However you want to look at it, Joe Dumars is one of the greatest Detroit Pistons of all time.
He played his entire 14-year career with the Pistons, something that is pretty rare, even for a guy who made six All-Star teams. Players were much more likely to stick with their original teams in those days, but even Michael Jordan didn’t play his entire career with one team.
Joe Dumars was one of the best two-ways guards in NBA history, as he could get you 25 points on one end and guard the other team’s best perimeter player on the other. The passing of time has actually made Dumars underrated as a player, but those of us who saw him play know that he is arguably the second-best Piston of all time after Isiah Thomas.
But he wasn’t just great as a player, he acted as a bridge between three different eras of Detroit Pistons’ basketball and helped bring success to all of them.
Detroit Pistons: Joe Dumars connected three eras
Dumars won two titles with the Detroit Pistons as part of the Bad Boys, the era that really defined the franchise and put them on the NBA map.
I would argue that the 1988-89 Pistons were a top-5 team of all-time, a deep and talented group that had one of the best defenses in the NBA but also boasted an underrated offense as well.

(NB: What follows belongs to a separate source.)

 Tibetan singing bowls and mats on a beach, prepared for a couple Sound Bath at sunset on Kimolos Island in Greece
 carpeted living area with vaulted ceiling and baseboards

That era came to a fairly abrupt end and the team started to break apart, but Dumars didn’t go anywhere. He was still on the team when they drafted Grant Hill, and was part of the 1996-97 squad that might have been the Pistons most overachieving team in franchise history.
Dumars finally retired after the1998-99 season as one of the greatest Pistons of all time and the lone holdout from those Bad Boys’ teams, the guy who ushered in a new era.
But he wasn’t done there.
Dumars was hired as President of Basketball operations just a season later, and would once again be tasked with being the bridge between eras.

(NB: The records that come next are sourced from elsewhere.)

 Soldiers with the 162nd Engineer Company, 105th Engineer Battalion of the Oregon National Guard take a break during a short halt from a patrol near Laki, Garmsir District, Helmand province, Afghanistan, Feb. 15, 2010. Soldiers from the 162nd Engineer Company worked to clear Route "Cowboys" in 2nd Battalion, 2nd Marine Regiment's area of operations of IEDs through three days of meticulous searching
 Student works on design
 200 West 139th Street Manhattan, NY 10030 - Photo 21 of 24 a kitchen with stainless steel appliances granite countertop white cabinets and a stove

He was one of the best executives in the NBA in his 14 seasons, winning a title, two Eastern Conference championships and six trips to the conference finals, again acting as the bridge between the Grant Hill era and the Goin’ to Work crew.
It’s hilarious and criminal that some fans think of Dumars’ time as an executive a failure because he hired some bad coaches and made a few bad free-agent signings in the latter stages of his career with the Pistons, as few executives in the history of the sport have put together a run of sustained success like Dumars had.
I think when you factor in his many roles and longevity with the team, as well as his success as star player, role player and executive, Joe Dumars has an argument as the greatest Piston of all time.